╔══

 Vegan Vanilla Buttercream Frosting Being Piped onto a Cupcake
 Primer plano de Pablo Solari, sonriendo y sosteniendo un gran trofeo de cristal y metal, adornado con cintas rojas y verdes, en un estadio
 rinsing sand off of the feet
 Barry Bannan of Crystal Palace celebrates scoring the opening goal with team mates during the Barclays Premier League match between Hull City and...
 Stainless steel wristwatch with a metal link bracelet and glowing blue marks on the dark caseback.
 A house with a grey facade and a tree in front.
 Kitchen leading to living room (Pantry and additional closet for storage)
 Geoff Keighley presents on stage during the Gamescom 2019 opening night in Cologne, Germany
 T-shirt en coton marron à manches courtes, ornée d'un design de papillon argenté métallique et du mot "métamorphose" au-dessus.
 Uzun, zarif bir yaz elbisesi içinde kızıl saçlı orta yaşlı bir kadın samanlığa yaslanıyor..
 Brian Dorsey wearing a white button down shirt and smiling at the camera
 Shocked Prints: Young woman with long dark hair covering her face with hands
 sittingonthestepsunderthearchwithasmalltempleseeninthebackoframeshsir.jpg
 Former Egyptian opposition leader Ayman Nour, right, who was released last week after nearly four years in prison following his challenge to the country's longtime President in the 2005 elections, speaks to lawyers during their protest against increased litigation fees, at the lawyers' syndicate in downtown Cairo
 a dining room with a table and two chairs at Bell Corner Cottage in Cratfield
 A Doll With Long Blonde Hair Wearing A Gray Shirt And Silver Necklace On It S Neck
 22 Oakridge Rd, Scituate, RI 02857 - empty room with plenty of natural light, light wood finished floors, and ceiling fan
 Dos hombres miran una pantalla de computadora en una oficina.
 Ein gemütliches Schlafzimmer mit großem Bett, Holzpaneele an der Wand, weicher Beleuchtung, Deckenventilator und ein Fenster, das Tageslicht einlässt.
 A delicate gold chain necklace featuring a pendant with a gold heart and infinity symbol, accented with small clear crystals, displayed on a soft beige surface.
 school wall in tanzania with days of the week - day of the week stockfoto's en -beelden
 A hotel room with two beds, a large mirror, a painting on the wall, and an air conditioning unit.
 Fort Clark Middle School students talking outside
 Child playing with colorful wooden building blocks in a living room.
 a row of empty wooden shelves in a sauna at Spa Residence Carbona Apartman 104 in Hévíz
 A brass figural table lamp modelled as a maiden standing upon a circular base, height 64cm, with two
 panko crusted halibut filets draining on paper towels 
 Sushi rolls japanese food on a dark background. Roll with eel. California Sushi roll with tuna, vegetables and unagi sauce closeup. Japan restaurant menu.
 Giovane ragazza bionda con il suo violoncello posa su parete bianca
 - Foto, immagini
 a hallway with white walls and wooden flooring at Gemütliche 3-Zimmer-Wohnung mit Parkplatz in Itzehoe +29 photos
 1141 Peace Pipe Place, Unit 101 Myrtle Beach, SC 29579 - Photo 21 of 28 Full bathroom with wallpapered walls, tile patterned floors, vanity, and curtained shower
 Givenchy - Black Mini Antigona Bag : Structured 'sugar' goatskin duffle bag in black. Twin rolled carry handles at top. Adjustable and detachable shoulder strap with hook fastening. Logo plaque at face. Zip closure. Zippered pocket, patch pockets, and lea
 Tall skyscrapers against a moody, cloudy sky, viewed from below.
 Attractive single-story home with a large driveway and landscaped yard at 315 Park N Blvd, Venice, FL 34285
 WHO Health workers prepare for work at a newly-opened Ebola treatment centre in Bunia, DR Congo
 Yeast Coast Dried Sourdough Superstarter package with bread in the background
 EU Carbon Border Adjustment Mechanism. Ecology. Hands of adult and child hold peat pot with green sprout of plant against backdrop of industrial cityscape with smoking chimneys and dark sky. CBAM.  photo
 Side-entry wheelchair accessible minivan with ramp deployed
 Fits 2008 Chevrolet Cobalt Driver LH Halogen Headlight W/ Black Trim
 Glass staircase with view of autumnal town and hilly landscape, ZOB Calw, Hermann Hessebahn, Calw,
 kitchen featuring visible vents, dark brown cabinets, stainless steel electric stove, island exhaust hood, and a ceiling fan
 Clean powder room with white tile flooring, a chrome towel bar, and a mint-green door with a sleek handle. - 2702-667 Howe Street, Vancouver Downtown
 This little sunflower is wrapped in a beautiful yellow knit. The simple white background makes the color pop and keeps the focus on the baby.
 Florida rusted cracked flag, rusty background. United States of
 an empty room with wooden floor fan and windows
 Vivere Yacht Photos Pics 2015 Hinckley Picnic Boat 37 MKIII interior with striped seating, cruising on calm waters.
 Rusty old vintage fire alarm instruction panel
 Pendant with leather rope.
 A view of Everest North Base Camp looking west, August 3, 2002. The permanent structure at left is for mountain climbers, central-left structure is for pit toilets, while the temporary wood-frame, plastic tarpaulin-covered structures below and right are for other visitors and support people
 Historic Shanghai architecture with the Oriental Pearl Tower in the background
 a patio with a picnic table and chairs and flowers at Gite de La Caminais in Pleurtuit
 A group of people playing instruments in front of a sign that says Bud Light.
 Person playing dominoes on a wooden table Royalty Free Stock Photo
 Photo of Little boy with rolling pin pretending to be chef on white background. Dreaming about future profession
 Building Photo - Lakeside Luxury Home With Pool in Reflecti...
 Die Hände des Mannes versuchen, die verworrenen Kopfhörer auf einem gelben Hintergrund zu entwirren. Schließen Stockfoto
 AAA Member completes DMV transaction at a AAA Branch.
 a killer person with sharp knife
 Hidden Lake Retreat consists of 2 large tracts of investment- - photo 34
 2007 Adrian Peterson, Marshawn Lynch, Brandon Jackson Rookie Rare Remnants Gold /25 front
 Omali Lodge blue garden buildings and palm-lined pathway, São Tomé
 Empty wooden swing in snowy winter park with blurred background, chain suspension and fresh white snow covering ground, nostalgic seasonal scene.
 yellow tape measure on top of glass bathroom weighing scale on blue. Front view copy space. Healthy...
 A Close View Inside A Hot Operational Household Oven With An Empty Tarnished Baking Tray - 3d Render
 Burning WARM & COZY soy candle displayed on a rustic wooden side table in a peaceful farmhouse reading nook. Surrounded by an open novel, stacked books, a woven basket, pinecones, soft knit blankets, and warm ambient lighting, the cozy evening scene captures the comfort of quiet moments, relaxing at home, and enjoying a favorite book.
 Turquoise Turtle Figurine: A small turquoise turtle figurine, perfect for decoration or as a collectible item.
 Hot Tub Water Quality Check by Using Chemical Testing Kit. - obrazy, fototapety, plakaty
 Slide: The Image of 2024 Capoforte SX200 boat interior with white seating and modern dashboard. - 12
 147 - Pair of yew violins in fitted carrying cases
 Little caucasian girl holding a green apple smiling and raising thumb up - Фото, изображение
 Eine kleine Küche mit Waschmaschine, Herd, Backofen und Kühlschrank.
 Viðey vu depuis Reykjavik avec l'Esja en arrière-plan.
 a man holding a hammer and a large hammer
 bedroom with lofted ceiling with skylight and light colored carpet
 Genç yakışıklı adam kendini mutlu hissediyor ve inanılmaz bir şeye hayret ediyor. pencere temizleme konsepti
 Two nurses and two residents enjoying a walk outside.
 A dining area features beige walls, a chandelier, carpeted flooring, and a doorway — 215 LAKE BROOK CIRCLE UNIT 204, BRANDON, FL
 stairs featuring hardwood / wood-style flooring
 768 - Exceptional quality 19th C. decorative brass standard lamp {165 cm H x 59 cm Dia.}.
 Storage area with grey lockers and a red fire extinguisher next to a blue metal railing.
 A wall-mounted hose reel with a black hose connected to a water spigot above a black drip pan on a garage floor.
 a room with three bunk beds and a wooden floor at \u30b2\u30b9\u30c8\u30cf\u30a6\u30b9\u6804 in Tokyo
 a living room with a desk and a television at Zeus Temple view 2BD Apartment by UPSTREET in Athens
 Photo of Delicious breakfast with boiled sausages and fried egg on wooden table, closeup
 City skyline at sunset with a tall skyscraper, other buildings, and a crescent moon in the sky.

╚══

# Action item
Take the records above and return, word for word, only the lines that fall from the line with "Rusty old vintage" to the line with "A Close View", both of them included.

# Finished task
 Rusty old vintage fire alarm instruction panel
 Pendant with leather rope.
 A view of Everest North Base Camp looking west, August 3, 2002. The permanent structure at left is for mountain climbers, central-left structure is for pit toilets, while the temporary wood-frame, plastic tarpaulin-covered structures below and right are for other visitors and support people
 Historic Shanghai architecture with the Oriental Pearl Tower in the background
 a patio with a picnic table and chairs and flowers at Gite de La Caminais in Pleurtuit
 A group of people playing instruments in front of a sign that says Bud Light.
 Person playing dominoes on a wooden table Royalty Free Stock Photo
 Photo of Little boy with rolling pin pretending to be chef on white background. Dreaming about future profession
 Building Photo - Lakeside Luxury Home With Pool in Reflecti...
 Die Hände des Mannes versuchen, die verworrenen Kopfhörer auf einem gelben Hintergrund zu entwirren. Schließen Stockfoto
 AAA Member completes DMV transaction at a AAA Branch.
 a killer person with sharp knife
 Hidden Lake Retreat consists of 2 large tracts of investment- - photo 34
 2007 Adrian Peterson, Marshawn Lynch, Brandon Jackson Rookie Rare Remnants Gold /25 front
 Omali Lodge blue garden buildings and palm-lined pathway, São Tomé
 Empty wooden swing in snowy winter park with blurred background, chain suspension and fresh white snow covering ground, nostalgic seasonal scene.
 yellow tape measure on top of glass bathroom weighing scale on blue. Front view copy space. Healthy...
 A Close View Inside A Hot Operational Household Oven With An Empty Tarnished Baking Tray - 3d Render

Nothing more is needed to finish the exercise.